Top of DATA
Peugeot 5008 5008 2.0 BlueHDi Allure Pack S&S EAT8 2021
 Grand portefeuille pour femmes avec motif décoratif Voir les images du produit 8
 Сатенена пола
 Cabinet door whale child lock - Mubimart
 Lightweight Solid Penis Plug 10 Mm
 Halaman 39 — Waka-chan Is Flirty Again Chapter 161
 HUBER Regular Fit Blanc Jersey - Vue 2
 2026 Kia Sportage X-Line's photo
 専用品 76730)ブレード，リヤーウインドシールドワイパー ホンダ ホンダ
Bottom of DATA
■ **TASK OBJECTIVE**
The records above must be written out again exactly.

■ **TASK SOLUTION**
Peugeot 5008 5008 2.0 BlueHDi Allure Pack S&S EAT8 2021
 Grand portefeuille pour femmes avec motif décoratif Voir les images du produit 8
 Сатенена пола
 Cabinet door whale child lock - Mubimart
 Lightweight Solid Penis Plug 10 Mm
 Halaman 39 — Waka-chan Is Flirty Again Chapter 161
 HUBER Regular Fit Blanc Jersey - Vue 2
 2026 Kia Sportage X-Line's photo
 専用品 76730)ブレード，リヤーウインドシールドワイパー ホンダ ホンダ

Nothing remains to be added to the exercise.